Subject: Re: disks write-back cache
To: Jason Thorpe <thorpej@wasabisystems.com>
From: Manuel Bouyer <bouyer@antioche.eu.org>
List: tech-kern
Date: 04/28/2003 23:02:37
On Sat, Apr 26, 2003 at 10:00:44AM -0700, Jason Thorpe wrote:
> 
> On Saturday, April 26, 2003, at 09:05  AM, Manuel Bouyer wrote:
> 
> >This cause problems for filesystems or applications that take measure 
> >to
> >prevent problems in case of unattended reboot (e.g. FFS, or sendmail).
> >Until today I though I was safe when using SCSI disks.
> >I think the kernel should print a warning when it probes a disk with 
> >the
> >write cache enabled.
> 
> Perhaps the kernel should print the cache enabled status of the drive 
> with the autoconfiguration messages?

This is close to the "warning" I suggested :)
However for IDE this is useless: the cache parameters are not savable.

> 
> >I did some benchmarks here, and it seems tagged queuing mostly hide the
> >imrpovement of write-back cache. On two different filesystems (on top 
> >of
> >RAID-1 raidframe devices), I see a performance decrease of 2-5% writing
> >a 640MB file (tested on different servers, the decrease is dependant 
> >on the
> >disk model, and maybe filesystems parameters).
> 
> The tagged queueing thing is interesting.  It's actually a bit more 
> complicated than you describe.  The problem is that not all drives 
> allow commands to be reordered, so effectively every tag is an ordered 
> tag.  I believe the command ordering behavior is adjustable with a mode 
> page setting, but I don't remember which one.

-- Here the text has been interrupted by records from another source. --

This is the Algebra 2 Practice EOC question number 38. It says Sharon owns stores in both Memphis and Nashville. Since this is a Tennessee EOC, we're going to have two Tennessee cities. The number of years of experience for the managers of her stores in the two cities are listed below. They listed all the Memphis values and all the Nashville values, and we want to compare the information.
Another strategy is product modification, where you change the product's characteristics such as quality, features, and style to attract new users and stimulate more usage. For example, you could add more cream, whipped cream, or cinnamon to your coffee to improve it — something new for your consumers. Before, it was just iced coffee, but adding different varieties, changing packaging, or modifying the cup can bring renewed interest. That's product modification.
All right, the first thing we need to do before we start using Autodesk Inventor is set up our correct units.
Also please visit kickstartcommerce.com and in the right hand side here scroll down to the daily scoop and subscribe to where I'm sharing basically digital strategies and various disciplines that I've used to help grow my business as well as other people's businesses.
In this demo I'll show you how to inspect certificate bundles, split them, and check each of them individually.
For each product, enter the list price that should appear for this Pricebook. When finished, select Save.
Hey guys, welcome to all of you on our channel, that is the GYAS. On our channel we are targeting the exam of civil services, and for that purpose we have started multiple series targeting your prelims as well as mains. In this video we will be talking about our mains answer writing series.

the "queue algorithm modifier" bits of the control mode page, maybe ?
SPC-3 says that the default value should be "restricted reordering", which
really means no reordering.
I should try changing this, to see if it improve performances.
For a large sequential write, I'm not sure it would make much difference.

> 
> Anyway, if the drive isn't going to reorder commands, then your 
> performance can be really bad with the w/b cache disabled.  We should 
> probably have some dkctl(8) settings that allow tuning these other 
> kinds of disk parameters.

I don't know if this is general enouth to be in dkctl, and this affect all
devices implemeting tagged queuing, not only disk devices.
Maybe it would be better in scsictl (and implementing it in scsitl wouln't
require additionnal code in the kernel).

> 
> Also note that some drives will suffer tag starvation if you enable 
> command reordering, e.g. it will wait "forever" to complete simple-tag 
> commands because it's stupid :-)  The way to work around this is to 
> periodically send an ordered-tag command to the drive (or maybe even 
> when the number of openings on the drive crosses some low-water mark).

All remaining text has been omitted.